Re: Any suggestion/advise
Wow. I log in after not posting for what, 20 months because I have a court date coming up that I wish to share, and I'm scrolling down to see if there are any new posts and I see '7 Seconds Ago' in red next to this...
My current (and wonderful to me, I might happily add) is also a retired police officer and has been very supportive of me and nothing but helpful through this, and by 'this' I mean the current issue I'm having with my Qualifier (if that's what this group calls it - don't quite remember). See, approximately a year after he received his one-year probationary period (which actually was about a year ago and took over a year to get), he started calling me and leaving me voice mails, being all cutesy and "Hey Baby"... Baby???? Are you f-ing serious? I had you *convicted* and even allowed you to plead to a lesser charge because I didn't want to have to see your pathetic crocodile-teared face in court, you m*o*o*n, and you call me "Baby" and ask me to call you and then say you hope everything is well... it WAS well until you called. So I went to my local precinct and filed a complaint. I finally met with the Assistant DA and her superior on my case the other day, and they want as much evidence as possible from the first case - which was held in a different county due to the location of the assault - to build a case against his character. I only wish I still had the stuff I just recently ditched because I wanted the negative energy out of my house.

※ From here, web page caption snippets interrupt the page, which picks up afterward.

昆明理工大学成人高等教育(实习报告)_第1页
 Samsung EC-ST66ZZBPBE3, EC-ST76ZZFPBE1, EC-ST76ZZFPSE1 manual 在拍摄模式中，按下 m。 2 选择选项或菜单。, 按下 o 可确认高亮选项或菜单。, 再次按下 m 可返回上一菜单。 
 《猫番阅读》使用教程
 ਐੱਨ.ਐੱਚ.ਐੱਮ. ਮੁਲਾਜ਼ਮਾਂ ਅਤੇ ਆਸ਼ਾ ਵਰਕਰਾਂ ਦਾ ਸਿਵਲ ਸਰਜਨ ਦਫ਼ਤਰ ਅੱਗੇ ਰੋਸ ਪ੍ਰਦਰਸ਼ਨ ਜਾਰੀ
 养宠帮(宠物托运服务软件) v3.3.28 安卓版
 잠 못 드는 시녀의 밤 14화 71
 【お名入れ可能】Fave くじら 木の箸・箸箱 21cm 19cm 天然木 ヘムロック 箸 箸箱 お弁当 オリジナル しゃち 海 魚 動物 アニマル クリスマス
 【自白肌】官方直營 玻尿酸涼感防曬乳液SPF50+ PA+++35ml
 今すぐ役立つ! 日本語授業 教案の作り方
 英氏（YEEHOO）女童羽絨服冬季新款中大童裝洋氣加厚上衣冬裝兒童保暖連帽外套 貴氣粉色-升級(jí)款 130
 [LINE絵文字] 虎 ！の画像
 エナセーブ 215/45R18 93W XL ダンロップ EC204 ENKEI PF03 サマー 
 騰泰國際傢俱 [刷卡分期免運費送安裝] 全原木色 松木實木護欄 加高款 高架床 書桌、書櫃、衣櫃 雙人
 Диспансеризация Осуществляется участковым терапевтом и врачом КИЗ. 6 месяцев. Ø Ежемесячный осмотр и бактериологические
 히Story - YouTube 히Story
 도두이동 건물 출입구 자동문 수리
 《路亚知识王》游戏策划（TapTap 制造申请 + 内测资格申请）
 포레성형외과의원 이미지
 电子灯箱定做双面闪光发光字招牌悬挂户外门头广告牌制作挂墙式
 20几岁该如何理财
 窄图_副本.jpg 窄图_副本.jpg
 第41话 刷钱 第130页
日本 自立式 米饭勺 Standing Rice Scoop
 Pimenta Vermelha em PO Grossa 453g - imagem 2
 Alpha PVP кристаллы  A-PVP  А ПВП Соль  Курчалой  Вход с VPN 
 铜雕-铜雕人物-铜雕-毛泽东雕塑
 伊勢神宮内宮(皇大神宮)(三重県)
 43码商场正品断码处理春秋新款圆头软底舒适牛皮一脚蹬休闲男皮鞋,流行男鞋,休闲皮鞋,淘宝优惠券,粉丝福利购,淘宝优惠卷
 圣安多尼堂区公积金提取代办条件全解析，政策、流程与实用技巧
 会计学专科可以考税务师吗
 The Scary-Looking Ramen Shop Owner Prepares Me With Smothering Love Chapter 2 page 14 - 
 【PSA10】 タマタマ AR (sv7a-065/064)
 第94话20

I had kept all the items he tore from my rear-view, the broken pencil, the bra he ripped off me, the CD holder/visor in my car he tore apart with his bare hands in case I needed them for the original trial date.... but since they are not where I had originally stored them, I can only surmise that I threw it all out after I cleaned up the basement after the flood we had in May. But, I digress....
So I explained to the Assistant DA that all I wanted was for him to leave me alone and that I wasn't trying to teach anyone a lesson or get back at them; I just wanted my order of protection extended.... but the more I think of it - as my boyfriend said - I gave him license to come back into my life because I did not throw the book at him, and I let him off easy... maybe I *should* go for the misdemeanor and three-years probation. If he's reformed enough to stay out of trouble for three years, then the conviction should not be a problem. It's not as if he doesn't have a rap sheet, as I learned the hard way. History of assault. Nice.
But he's toast. I think I should face him in court, answer all the defamatory questions his court-appointed attorney asks me - even though I will be embarrassed in front of my mother so I'll have to warn her about the drug questions, lol, but the ADA assures me it's a good thing that I'm being honest that I'd done cocaine on a few occasions if it was offered to me and that after he offered it to me once, 'no, thanks' was not an option. Then he'd pump me up with xanax so he could drive without my paying attention to how reckless he was behind the wheel because I'd be so exhausted from his keeping me from going home at a decent hour because he wanted me to oversleep and lose my job so he could further own me. When I'd mentioned to him once that I almost lost my job over an incident that he had created there, he said 'Cool'. The ADA was thrilled to death to hear me say that for some reason and thanked me profusely for being so honest... wonder what that's all about....
Happy New Year!!! My life could not be better otherwise. My boyfriend is awesome and is even a volunteer for the city employee assistance program - he's on call once a month to talk to anyone who calls the help line; suicidal firemen, battered partners of sanitation employees, detectives with drug issues.. you name it. I'm very lucky to have met him in high school. Too bad it took 25 years for us to meet and another five to start dating just two months ago...
TIME TO EAT. Then I have to get ready for dance class. Still doing that. Qualifier had prevented me from attending a couple of important pre-recital rehearsals *and* picture day in 2005, the rotten pr!ck that he is. Later, my friends... too hungry to function any longer, lol. Need dancing energy!